Telstra's Network Applications and Services (NAS) executive director Michelle Bendschneider said the decision to take over the company — in a deal that industry sources state is worth approximately AU$60 million — was to meet the desire for the growing NAS division to also be able to provide advice to customers on the best technology choices, over and above the network options.

"We didn't really have enough consulting capability to go in unattached to any particular technology in an agnostic manner and help advise our customers around what they should be choosing, what they should be doing with their current environments, what they should be considering in a tech refresh cycle, how they get from point A to point B, and this is the whole purpose of establishing this NAS consulting service, which I lead," she told ZDNet.

"Aside from being a really known partner for Telstra, O2 is really strong in not only the established player capabilities like Cisco and Juniper, but also picking, and backing, and quickly growing capability in emerging vendors."

In addition to the NSC acquisition in August, Bendschneider said that once the integration of the two companies into Telstra has been completed, Telstra will have added 300 consulting staff members and over 1,000 customers in that market.

O2 managing director and co-founder Euan Prentice told ZDNet that the rationale behind Telstra's offer made sense immediately.

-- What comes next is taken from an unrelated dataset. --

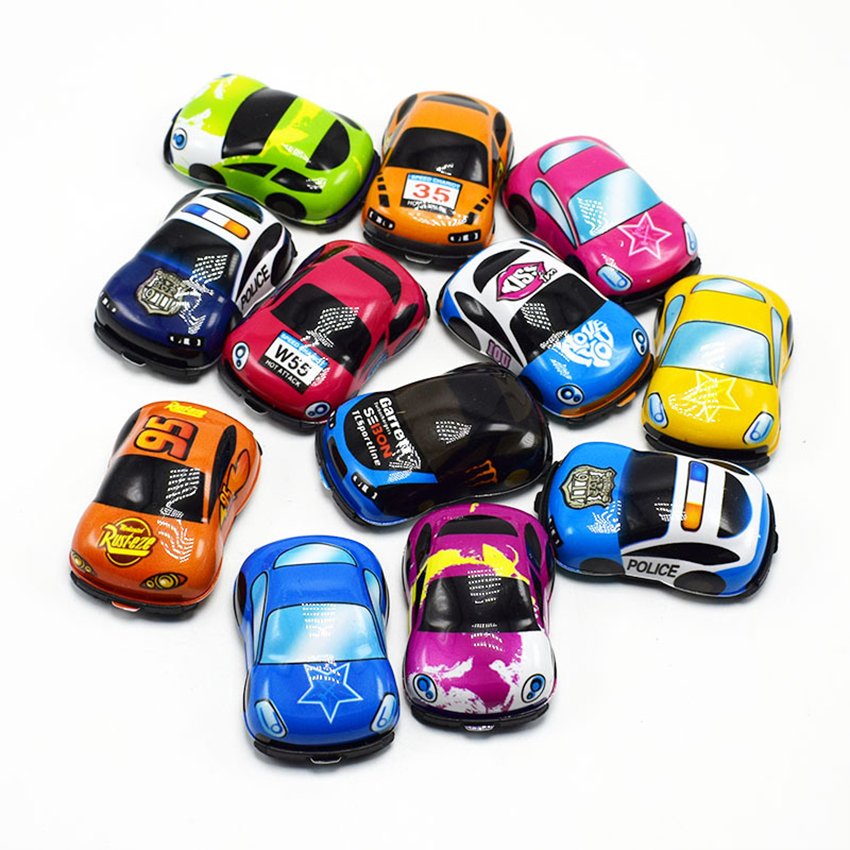 Bộ 24 Đồ Chơi Xe Ô Tô Chạy Bánh Đà Mini Car Cho Bé (Màu Ngẫu Nhiên)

"It's funny, when you look at these things, you can have acquisitions come across the table and you can sometimes spend too much time thinking what the synergy is, and sometimes it just screams at you. This was certainly that case," he said.

"The overwhelming reason was to build on what we've already done. I'm justifiably proud of what we've achieved, but at the end of the day, as good as we are, we probably cover maybe 15 to 20 percent of the large corporate clients in Australia. We do a fabulous job with that, but ultimately, we don't have that kind of reach that Telstra has."

Prentice said that O2 would now also reach into Asia as Telstra expands its presence in the region.